EXERCISE DIRECTIONS
From the entries, copy each line that includes "Outdoor".

SUPPLIED MATERIAL
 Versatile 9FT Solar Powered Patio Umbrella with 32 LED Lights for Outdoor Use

--

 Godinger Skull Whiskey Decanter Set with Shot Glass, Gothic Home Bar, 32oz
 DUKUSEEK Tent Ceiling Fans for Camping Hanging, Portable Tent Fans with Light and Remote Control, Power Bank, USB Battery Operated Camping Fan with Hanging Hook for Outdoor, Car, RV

FINAL ANSWER
 Versatile 9FT Solar Powered Patio Umbrella with 32 LED Lights for Outdoor Use
 DUKUSEEK Tent Ceiling Fans for Camping Hanging, Portable Tent Fans with Light and Remote Control, Power Bank, USB Battery Operated Camping Fan with Hanging Hook for Outdoor, Car, RV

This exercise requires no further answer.